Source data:
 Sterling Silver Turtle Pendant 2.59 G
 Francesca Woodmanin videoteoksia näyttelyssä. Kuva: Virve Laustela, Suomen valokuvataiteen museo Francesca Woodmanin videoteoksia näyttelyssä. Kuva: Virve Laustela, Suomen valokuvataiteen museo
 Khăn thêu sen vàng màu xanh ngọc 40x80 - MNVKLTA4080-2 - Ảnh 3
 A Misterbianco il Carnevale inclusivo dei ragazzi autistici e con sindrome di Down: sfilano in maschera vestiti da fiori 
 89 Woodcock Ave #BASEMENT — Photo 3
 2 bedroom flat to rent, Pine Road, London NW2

● PROBLEM
Output each of the records exactly as it stands above.

● SOLUTION TO THE EXERCISE
 Sterling Silver Turtle Pendant 2.59 G
 Francesca Woodmanin videoteoksia näyttelyssä. Kuva: Virve Laustela, Suomen valokuvataiteen museo Francesca Woodmanin videoteoksia näyttelyssä. Kuva: Virve Laustela, Suomen valokuvataiteen museo
 Khăn thêu sen vàng màu xanh ngọc 40x80 - MNVKLTA4080-2 - Ảnh 3
 A Misterbianco il Carnevale inclusivo dei ragazzi autistici e con sindrome di Down: sfilano in maschera vestiti da fiori 
 89 Woodcock Ave #BASEMENT — Photo 3
 2 bedroom flat to rent, Pine Road, London NW2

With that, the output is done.